* TASK
Please make sure what you return matches the listing below exactly, minus its pictures.

* COLLECTED MATERIAL
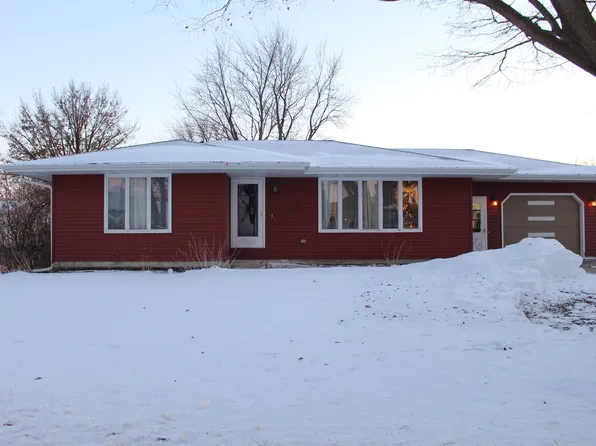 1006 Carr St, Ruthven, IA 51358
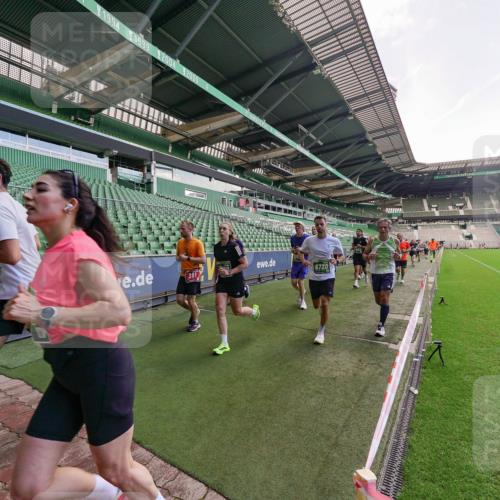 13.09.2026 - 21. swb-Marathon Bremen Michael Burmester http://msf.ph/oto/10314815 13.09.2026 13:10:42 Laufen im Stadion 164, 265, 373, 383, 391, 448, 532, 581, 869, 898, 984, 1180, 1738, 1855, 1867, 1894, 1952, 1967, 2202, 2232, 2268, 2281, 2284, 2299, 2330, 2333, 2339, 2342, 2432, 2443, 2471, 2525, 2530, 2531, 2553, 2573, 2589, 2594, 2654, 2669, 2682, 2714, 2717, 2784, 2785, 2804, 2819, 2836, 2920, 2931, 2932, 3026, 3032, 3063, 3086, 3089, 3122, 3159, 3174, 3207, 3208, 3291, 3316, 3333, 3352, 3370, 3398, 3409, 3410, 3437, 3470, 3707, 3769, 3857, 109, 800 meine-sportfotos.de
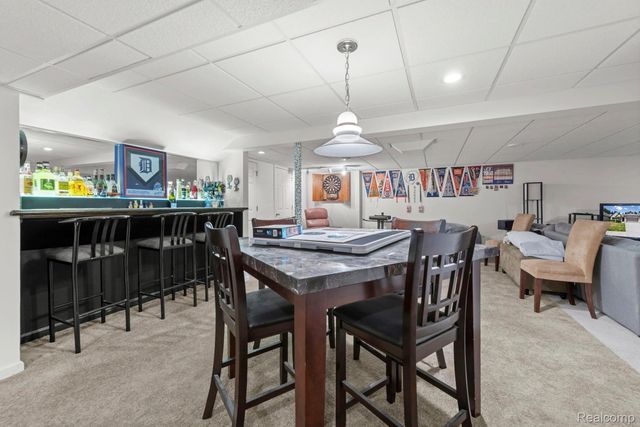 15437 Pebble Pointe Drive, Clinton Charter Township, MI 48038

* THE ANSWER
 1006 Carr St, Ruthven, IA 51358
 13.09.2026 - 21. swb-Marathon Bremen Michael Burmester http://msf.ph/oto/10314815 13.09.2026 13:10:42 Laufen im Stadion 164, 265, 373, 383, 391, 448, 532, 581, 869, 898, 984, 1180, 1738, 1855, 1867, 1894, 1952, 1967, 2202, 2232, 2268, 2281, 2284, 2299, 2330, 2333, 2339, 2342, 2432, 2443, 2471, 2525, 2530, 2531, 2553, 2573, 2589, 2594, 2654, 2669, 2682, 2714, 2717, 2784, 2785, 2804, 2819, 2836, 2920, 2931, 2932, 3026, 3032, 3063, 3086, 3089, 3122, 3159, 3174, 3207, 3208, 3291, 3316, 3333, 3352, 3370, 3398, 3409, 3410, 3437, 3470, 3707, 3769, 3857, 109, 800 meine-sportfotos.de
 15437 Pebble Pointe Drive, Clinton Charter Township, MI 48038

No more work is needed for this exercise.